Task requirements
When you reach the line with "by ABC Commercial" in the listing below, transcribe it and each line after it up to and including the line with "X0000086900722200704301016", exactly and with nothing else.

Record excerpts

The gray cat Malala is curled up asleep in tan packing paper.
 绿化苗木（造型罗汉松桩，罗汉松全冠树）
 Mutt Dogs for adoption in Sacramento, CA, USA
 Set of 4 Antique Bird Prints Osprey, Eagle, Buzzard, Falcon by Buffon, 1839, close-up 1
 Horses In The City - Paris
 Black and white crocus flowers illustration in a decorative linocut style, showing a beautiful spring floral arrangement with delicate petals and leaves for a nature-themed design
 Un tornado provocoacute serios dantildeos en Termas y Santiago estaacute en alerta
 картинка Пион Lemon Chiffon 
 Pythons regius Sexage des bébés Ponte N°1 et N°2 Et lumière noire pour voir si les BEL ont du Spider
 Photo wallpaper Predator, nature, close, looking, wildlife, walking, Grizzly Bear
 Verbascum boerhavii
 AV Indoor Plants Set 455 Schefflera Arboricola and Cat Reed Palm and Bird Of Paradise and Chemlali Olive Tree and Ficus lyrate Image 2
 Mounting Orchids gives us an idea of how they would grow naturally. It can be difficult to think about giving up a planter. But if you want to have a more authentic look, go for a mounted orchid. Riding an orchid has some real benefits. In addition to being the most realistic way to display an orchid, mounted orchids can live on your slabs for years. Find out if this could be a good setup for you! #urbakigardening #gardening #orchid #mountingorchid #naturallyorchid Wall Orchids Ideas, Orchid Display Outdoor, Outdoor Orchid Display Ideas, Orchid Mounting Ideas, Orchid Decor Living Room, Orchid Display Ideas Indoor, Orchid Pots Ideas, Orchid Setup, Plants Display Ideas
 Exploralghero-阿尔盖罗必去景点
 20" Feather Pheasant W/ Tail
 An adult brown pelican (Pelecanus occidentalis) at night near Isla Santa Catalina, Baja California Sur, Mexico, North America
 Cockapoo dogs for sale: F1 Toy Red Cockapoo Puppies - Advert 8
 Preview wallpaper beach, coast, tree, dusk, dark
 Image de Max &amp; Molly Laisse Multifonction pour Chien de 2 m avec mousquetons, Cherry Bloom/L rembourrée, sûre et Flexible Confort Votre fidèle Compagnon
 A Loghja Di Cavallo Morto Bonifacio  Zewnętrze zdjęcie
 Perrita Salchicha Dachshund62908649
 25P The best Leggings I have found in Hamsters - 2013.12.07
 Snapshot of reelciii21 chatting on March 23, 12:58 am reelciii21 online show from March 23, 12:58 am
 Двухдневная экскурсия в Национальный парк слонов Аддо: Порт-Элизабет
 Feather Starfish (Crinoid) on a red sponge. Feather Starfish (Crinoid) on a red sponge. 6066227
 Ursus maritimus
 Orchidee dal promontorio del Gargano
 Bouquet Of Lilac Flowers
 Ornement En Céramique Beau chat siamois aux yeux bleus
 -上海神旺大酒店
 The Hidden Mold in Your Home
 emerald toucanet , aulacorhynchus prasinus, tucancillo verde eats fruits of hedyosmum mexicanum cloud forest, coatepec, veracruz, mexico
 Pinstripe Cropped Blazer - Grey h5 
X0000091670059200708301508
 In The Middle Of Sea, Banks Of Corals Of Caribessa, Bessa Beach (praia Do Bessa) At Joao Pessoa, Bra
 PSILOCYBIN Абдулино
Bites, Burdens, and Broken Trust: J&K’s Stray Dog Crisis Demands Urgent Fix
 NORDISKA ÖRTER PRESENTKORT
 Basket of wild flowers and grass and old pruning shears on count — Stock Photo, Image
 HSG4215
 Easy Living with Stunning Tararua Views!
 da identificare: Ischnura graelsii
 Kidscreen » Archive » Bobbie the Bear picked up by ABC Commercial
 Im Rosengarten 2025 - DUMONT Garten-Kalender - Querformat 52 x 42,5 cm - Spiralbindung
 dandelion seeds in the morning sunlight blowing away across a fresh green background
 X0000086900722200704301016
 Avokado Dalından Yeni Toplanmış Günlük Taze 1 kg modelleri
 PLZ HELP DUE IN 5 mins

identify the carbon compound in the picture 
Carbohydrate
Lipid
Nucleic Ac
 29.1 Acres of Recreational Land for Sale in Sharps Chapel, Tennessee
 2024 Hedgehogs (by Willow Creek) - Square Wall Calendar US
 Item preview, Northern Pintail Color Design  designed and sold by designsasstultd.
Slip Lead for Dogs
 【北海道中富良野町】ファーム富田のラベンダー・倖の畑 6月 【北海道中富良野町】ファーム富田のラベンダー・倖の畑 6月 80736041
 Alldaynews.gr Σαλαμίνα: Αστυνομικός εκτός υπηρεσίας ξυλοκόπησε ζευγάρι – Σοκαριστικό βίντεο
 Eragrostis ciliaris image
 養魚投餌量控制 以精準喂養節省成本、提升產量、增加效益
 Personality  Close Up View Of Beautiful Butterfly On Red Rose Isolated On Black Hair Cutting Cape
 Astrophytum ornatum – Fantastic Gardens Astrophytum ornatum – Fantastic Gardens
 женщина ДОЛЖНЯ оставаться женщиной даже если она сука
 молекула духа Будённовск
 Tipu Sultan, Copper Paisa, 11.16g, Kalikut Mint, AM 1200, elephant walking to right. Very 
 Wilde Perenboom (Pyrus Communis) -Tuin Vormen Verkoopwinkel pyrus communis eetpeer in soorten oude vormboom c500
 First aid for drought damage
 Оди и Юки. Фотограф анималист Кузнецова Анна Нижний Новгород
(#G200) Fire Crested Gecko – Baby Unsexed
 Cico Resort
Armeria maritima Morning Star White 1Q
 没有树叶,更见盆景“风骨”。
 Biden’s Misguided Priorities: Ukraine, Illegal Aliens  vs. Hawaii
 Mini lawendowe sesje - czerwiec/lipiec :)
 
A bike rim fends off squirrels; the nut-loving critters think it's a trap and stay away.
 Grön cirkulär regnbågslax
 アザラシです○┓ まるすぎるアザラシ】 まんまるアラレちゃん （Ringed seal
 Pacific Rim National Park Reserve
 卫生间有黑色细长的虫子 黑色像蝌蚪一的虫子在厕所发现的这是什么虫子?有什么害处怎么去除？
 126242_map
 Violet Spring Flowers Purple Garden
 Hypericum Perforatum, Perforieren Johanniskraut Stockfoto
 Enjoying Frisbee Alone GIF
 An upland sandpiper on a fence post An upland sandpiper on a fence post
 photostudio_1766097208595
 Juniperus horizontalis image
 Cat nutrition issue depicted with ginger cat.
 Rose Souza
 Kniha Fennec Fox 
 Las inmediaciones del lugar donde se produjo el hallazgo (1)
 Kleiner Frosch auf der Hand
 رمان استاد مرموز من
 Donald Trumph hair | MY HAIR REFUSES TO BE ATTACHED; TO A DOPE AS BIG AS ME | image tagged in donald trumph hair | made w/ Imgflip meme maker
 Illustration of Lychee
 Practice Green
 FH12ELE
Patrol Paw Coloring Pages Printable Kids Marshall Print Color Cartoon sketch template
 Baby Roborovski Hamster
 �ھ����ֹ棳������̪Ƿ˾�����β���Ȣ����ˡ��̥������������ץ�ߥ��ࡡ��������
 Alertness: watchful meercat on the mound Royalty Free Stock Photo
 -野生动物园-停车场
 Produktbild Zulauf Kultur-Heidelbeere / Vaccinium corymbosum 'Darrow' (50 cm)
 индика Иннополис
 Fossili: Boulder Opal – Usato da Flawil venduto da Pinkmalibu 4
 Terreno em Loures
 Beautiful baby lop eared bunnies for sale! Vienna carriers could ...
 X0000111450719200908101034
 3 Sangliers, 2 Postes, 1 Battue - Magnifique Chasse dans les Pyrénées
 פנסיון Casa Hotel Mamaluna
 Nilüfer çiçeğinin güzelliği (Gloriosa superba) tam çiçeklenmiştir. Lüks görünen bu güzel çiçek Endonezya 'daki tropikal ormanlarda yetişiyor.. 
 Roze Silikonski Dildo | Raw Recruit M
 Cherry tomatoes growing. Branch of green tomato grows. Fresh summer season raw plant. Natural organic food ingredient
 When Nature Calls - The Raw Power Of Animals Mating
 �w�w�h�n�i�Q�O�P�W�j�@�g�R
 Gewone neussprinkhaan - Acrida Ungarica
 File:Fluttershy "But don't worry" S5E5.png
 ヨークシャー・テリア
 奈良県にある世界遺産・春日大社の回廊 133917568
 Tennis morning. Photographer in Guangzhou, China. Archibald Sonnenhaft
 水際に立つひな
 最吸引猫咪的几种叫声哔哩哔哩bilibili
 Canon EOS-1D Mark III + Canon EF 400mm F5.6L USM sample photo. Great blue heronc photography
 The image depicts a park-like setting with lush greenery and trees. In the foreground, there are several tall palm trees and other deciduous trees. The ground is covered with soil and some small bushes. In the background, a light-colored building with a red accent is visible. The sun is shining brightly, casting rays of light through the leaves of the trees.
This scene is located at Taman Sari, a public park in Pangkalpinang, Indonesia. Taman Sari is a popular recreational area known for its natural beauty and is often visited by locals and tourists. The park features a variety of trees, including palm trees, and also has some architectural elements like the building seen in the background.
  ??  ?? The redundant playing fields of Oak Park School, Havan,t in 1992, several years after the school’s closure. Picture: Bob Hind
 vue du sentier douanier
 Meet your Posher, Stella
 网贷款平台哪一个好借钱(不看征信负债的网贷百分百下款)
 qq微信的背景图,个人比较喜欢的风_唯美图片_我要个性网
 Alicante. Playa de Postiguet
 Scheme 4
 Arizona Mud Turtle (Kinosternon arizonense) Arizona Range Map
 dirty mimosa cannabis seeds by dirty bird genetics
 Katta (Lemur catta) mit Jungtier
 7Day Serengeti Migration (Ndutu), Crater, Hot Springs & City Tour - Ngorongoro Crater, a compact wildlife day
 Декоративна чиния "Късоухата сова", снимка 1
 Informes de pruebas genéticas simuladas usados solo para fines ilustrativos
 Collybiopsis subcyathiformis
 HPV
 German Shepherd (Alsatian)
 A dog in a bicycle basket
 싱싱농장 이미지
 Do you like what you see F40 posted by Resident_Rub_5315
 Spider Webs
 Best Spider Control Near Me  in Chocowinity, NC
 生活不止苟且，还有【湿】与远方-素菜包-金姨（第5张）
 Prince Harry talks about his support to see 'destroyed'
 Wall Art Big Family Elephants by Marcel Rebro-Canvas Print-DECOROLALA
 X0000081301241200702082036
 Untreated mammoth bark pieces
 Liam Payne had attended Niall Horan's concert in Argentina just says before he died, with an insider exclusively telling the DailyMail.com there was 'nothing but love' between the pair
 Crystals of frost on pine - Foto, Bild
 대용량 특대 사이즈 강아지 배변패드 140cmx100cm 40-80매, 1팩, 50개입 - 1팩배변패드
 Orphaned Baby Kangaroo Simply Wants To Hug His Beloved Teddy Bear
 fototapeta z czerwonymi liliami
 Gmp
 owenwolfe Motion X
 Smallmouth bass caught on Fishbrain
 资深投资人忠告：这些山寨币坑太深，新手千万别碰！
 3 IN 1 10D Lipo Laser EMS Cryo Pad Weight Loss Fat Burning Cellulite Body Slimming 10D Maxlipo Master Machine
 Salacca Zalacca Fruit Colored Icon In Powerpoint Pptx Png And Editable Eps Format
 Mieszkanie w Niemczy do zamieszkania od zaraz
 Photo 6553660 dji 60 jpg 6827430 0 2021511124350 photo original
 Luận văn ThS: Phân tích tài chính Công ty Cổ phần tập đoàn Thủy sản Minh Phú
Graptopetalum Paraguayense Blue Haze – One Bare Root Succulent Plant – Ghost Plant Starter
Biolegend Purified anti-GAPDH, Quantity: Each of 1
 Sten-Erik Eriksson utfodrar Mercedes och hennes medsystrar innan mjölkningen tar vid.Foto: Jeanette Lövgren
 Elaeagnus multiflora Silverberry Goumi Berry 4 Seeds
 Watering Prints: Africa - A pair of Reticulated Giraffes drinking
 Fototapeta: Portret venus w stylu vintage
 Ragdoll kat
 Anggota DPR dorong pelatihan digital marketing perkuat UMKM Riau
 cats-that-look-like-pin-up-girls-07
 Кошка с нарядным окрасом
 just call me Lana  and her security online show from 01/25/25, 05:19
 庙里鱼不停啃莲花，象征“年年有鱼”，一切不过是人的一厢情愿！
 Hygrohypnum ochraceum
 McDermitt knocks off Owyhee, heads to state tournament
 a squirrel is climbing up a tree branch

Answer to this task
 Kidscreen » Archive » Bobbie the Bear picked up by ABC Commercial
 Im Rosengarten 2025 - DUMONT Garten-Kalender - Querformat 52 x 42,5 cm - Spiralbindung
 dandelion seeds in the morning sunlight blowing away across a fresh green background
 X0000086900722200704301016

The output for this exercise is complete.